21.2
Failure Analysis Methodology on Circular Patch Functional Failure due to Device Parametric Drift

Thursday, November 5, 2015: 1:05 PM
Meeting Room D139 & 140 (Oregon Convention Center )
Dr. Alfred C.T. Quah , GLOBALFOUNDRIES Singapore Pte Ltd, Singapore, Singapore
Dr. C.Q. Chen , GLOBALFOUNDRIES Singapore Pte Ltd, Singapore, Singapore
Mr. Ghim Boon Ang , GLOBALFOUNDRIES Singapore Pte Ltd, Singapore, Singapore
Mr. D. Nagalingam , GLOBALFOUNDRIES Singapore Pte Ltd, Singapore, Singapore
Ms. H.P. Ng , GLOBALFOUNDRIES Singapore Pte Ltd, Singapore, Singapore
Mr. P.T. Ng , GLOBALFOUNDRIES Singapore Pte Ltd, Singapore, Singapore
Dr. SeungJe Moon , GLOBALFOUNDRIES Singapore Pte Ltd, Singapore, Singapore
Ms. Angela Teo , GLOBALFOUNDRIES Singapore Pte Ltd, Singapore, Singapore
Mr. K.H. Yip , GLOBALFOUNDRIES Singapore Pte Ltd, Singapore, Singapore
Dr. Jeffrey Lam , GLOBALFOUNDRIES Singapore Pte Ltd, Singapore, Singapore
Dr.
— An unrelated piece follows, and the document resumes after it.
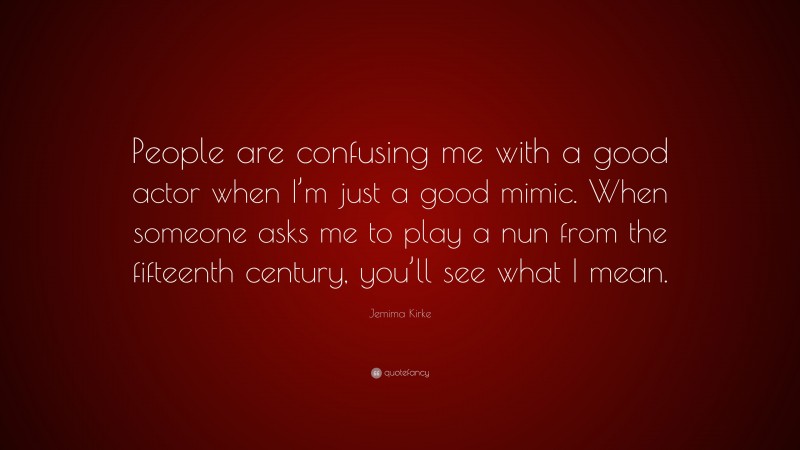Jemima Kirke Quote: “People are confusing me with a good actor when I’m just a good mimic. When someone asks me to play a nun from the fifteenth century, you’ll see what I mean.”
Z.H. Mai , GLOBALFOUNDRIES Singapore Pte Ltd, Singapore, Singapore

Summary:

In this paper, we described the debug and analysis process of a challenging case study involving a circular patch functional leakage failure that was induced from device parametric drift due to thicker gate oxide. While yield loss resulting from device parametric drift usually relies on monitoring the Electrical Test MOS structures for failure identification, there was no out-of-control signal from the affected wafers because the impacted region is small with low probability of coverage on tested ET structures. In this type of cases, conventional fault localization approach with static laser beam techniques or photon emission microscopy (PEM) would also be ineffective. Thus, a strong “inquisitive” mindset coupled with the essence of such strong problem solving approach is critical to achieve a breakthrough.